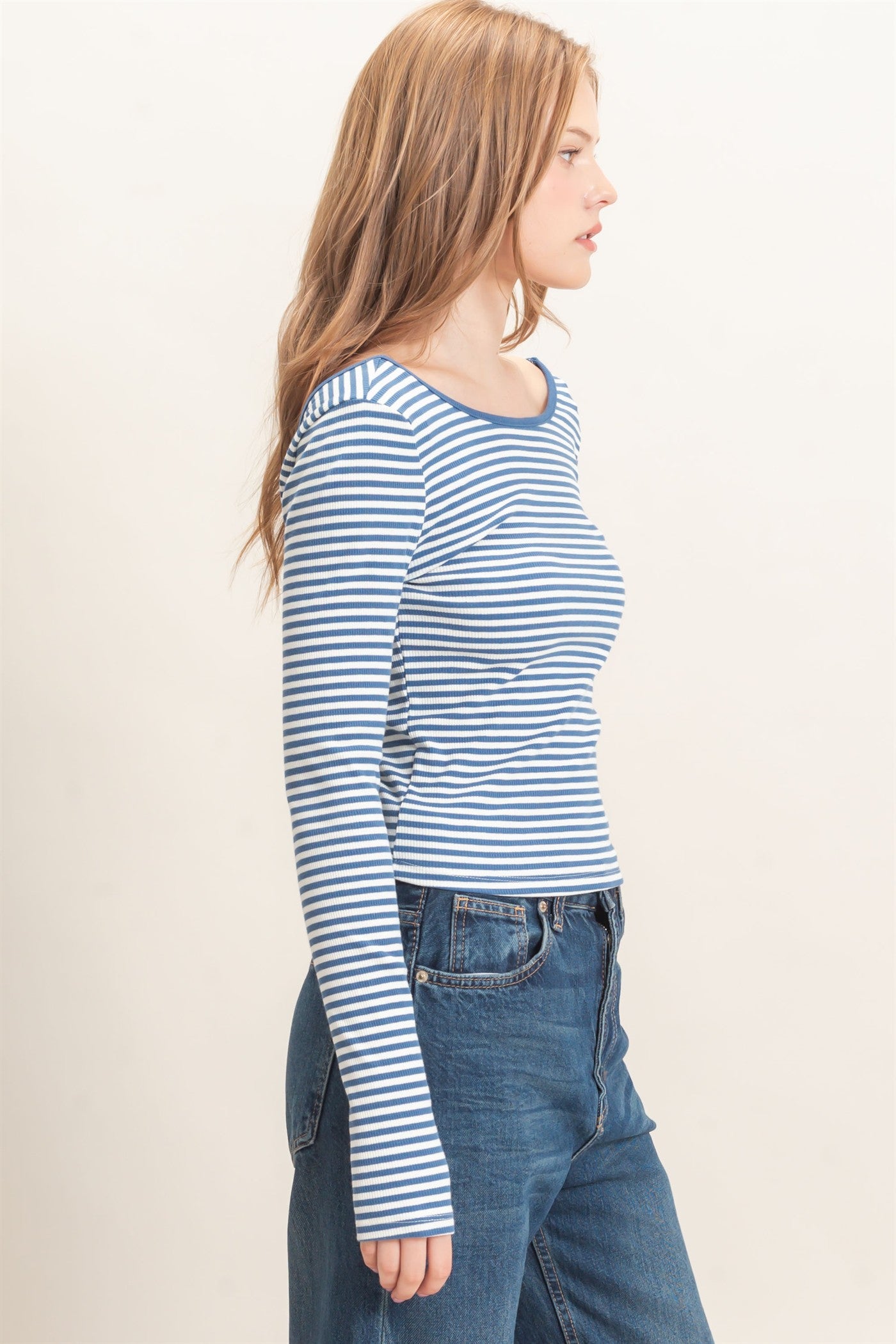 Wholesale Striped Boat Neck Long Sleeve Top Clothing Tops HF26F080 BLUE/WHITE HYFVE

==

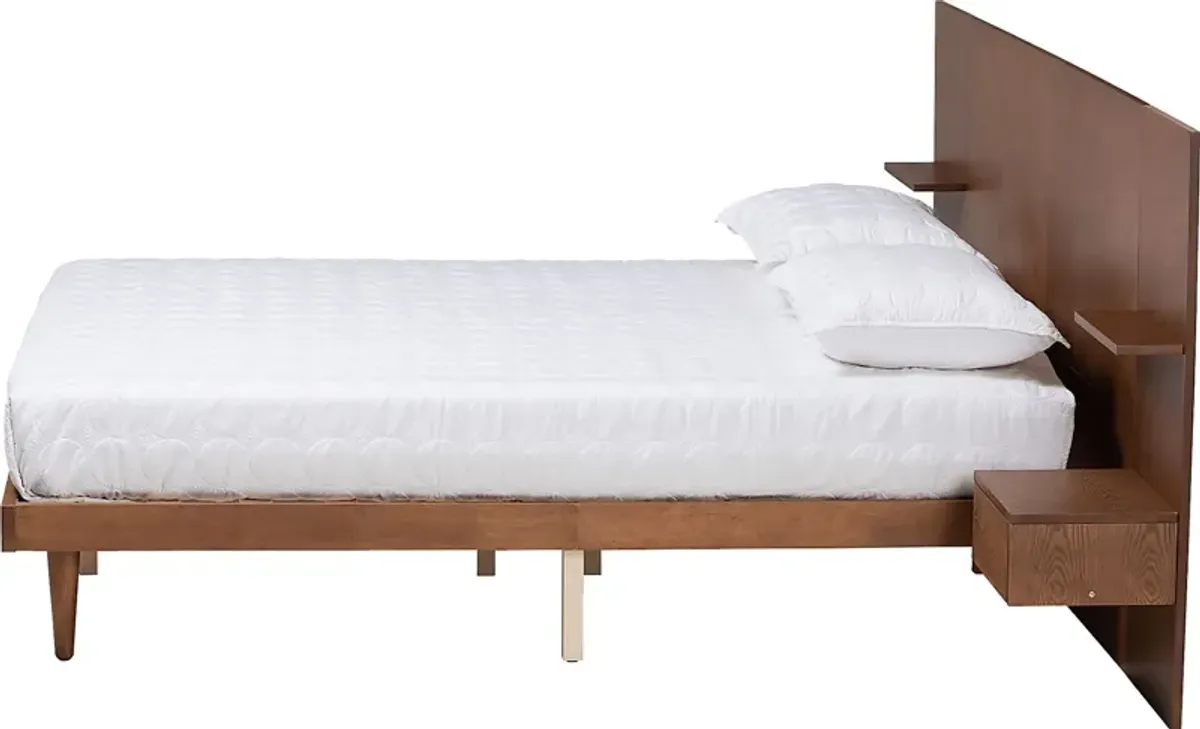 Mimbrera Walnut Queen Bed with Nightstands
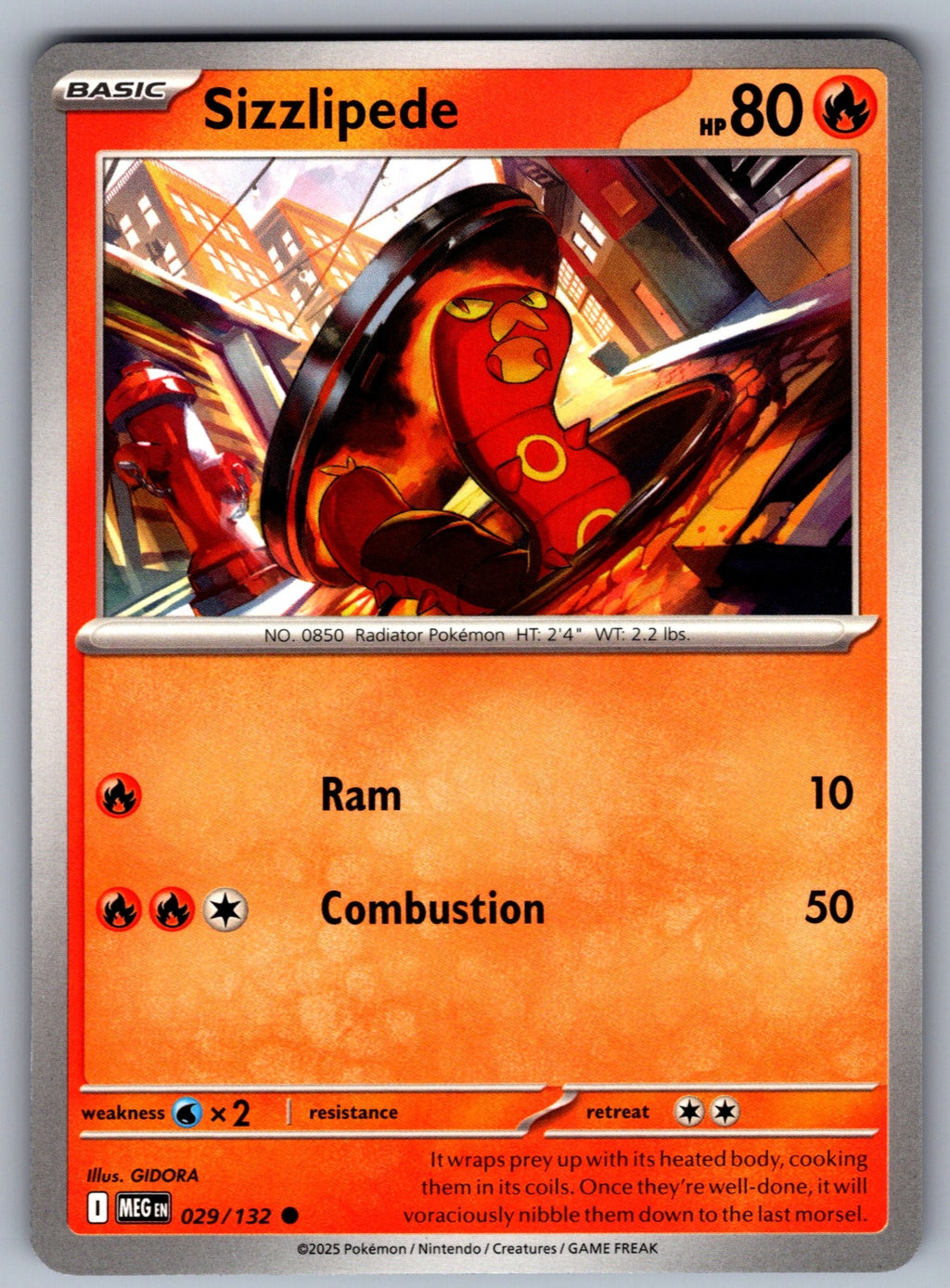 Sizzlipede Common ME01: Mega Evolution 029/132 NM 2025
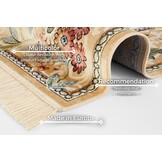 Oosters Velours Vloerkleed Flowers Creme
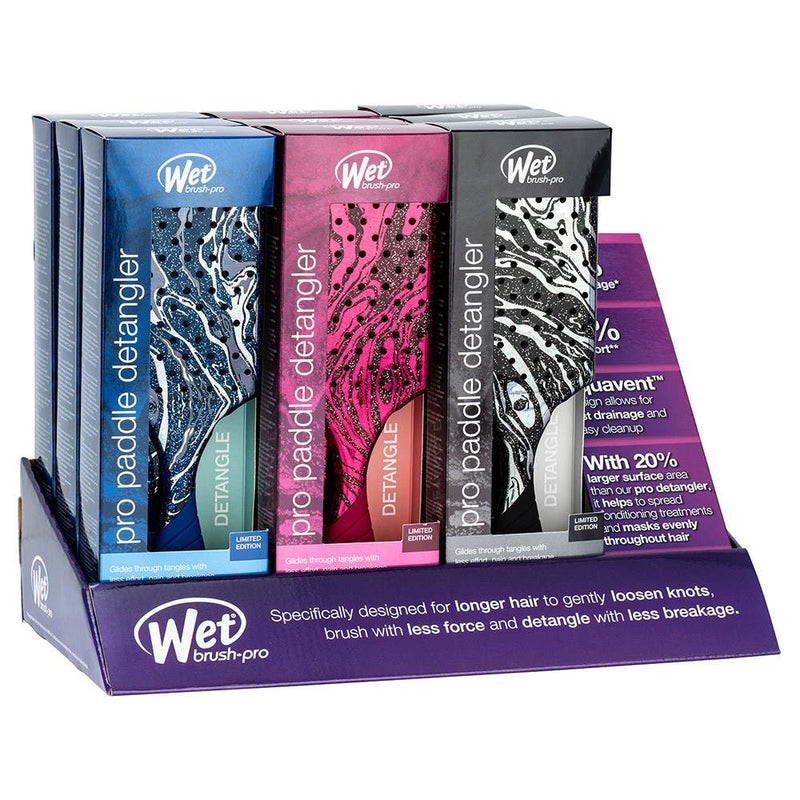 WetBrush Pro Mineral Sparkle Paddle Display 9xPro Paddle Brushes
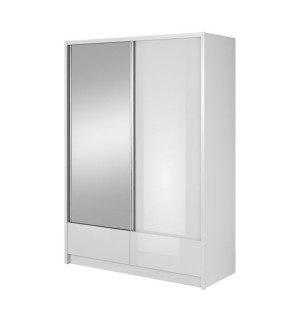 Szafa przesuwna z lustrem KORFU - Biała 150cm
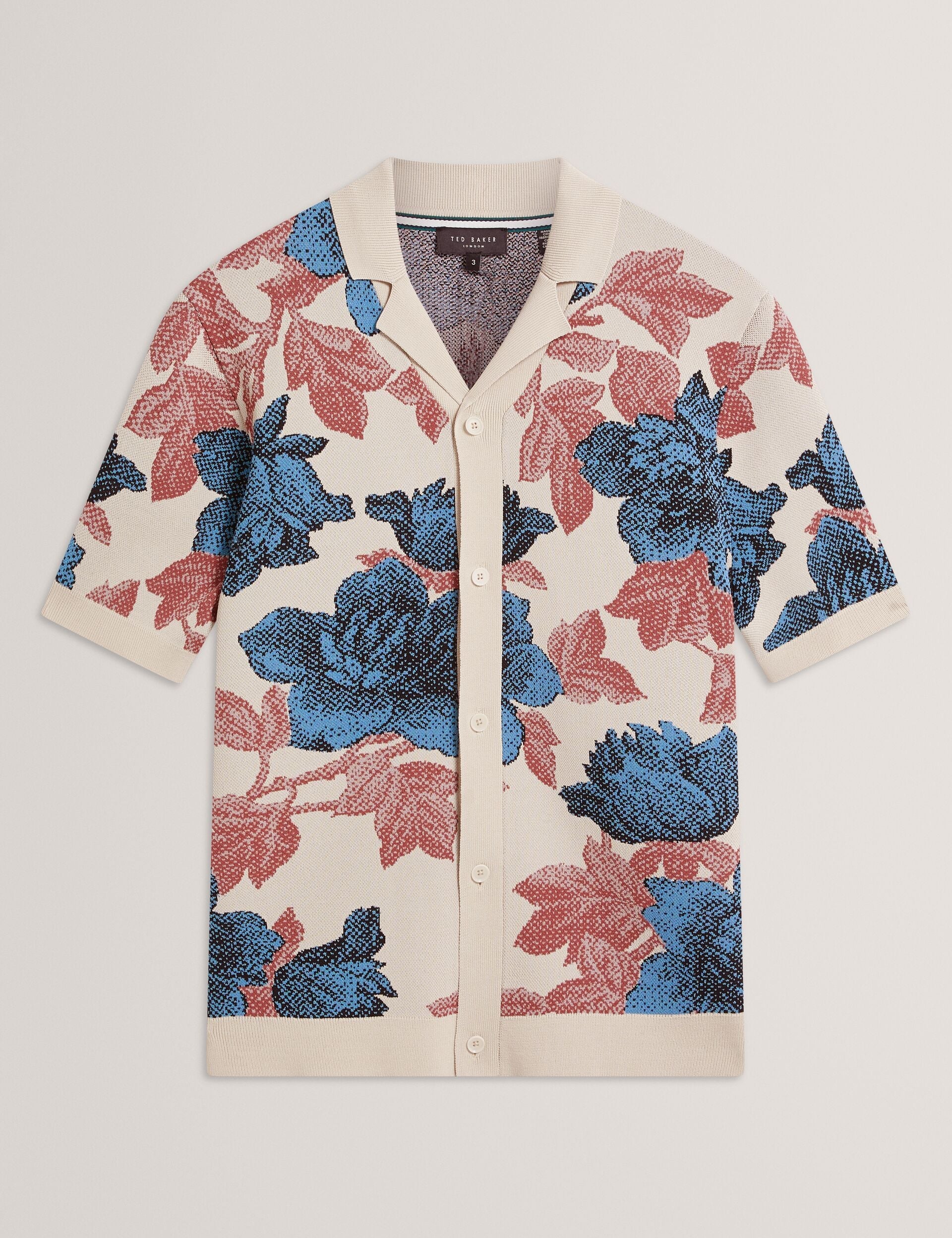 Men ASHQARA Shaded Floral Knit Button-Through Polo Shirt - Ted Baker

[Action item]: A word-for-word reproduction is needed of the lines above from the line containing "WetBrush Pro Mineral" through the line containing "Men ASHQARA Shaded", with both ends kept and no pictures.

[Result]:
 WetBrush Pro Mineral Sparkle Paddle Display 9xPro Paddle Brushes
 Szafa przesuwna z lustrem KORFU - Biała 150cm
 Men ASHQARA Shaded Floral Knit Button-Through Polo Shirt - Ted Baker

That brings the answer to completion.